On this day (December 6) in 1924, Bishop Herman Joseph Alerding, bishop of Fort Wayne and author of the last complete history of the dioceses of Indianapolis (Vincennes) and Fort Wayne, died.

Herman Alerding was born in Westphalia and, during his infancy, came with his parents to the United States, where they settled in Newport, Kentucky. When he tried to enter the seminary, his bishop, George Aloysius Carrell, did not accept him because he was unable to provide for his seminary expenses. Instead, he was accepted by Bishop Saint Palais of the Diocese of Vincennes. He attended St. Charles Borromeo Seminary near Vincennes from 1858 until 1859, when the seminary was closed. He then studied at St. Thomas Seminary in Bardstown, Kentucky, for a year before returning to Indiana in 1860 and entering St. Meinrad Seminary.

Alerding was ordained to the priesthood by Bishop Saint Palais on September 22, 1868. He served at St. Joseph Church in Terre Haute, while also attending to several missions throughout Parke and Sullivan Counties. From 1871 to 1874, he was pastor of St. Elizabeth’s in Cambridge City. While at Cambridge City, Alerding calmed a turbulent congregation which had been under interdict for several months, liquidated the parish debt, and purchased a site for a new church.

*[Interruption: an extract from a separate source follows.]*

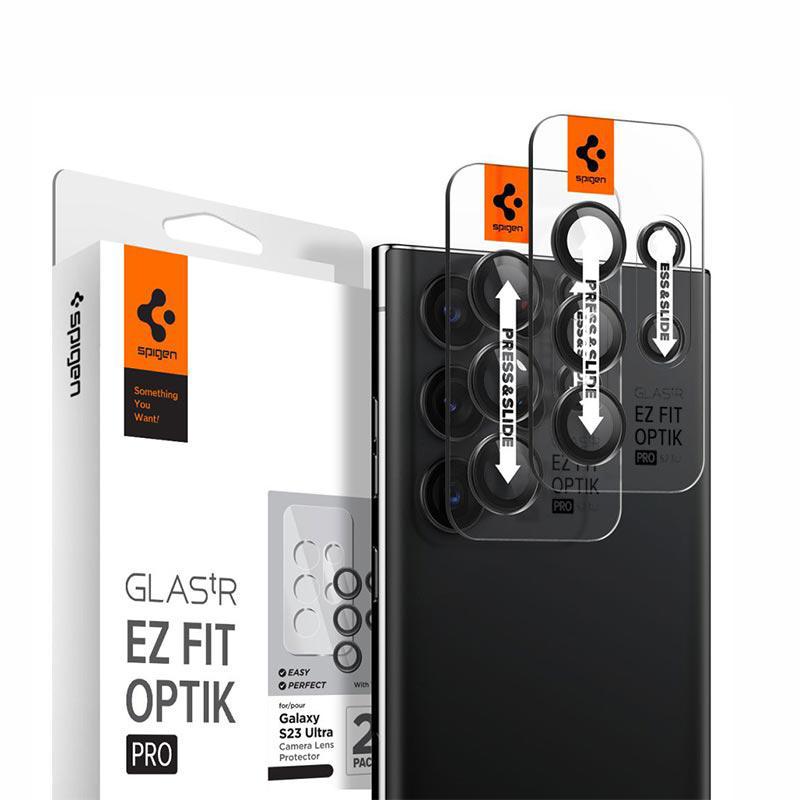 Spigen® Optik.Tr ”Ez Fit” Camera Protector 2-Pack (Samsung Galaxy S23 Ultra) black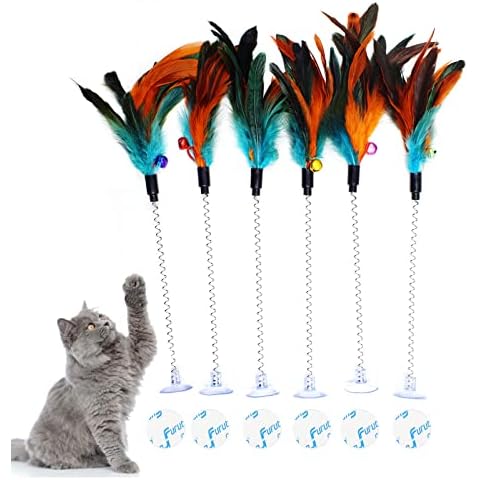 IUHKBH Cat Feather Wands, 6 PCS Spring Cat Wands with Bell Sucker Interactive Cat Teaser Wands for Cat and Kitten Cover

He was transferred to St. Joseph Church in Indianapolis in 1874, there overseeing the construction of a church, rectory, and parochial school. He briefly served as procurator of the adjoining St. Joseph Seminary until it was closed the following year. In 1883, he published A History of the Catholic Church in the Diocese of Vincennes.

Alerding died at age 79. He had been in critical condition since he was injured in an automobile accident the previous November.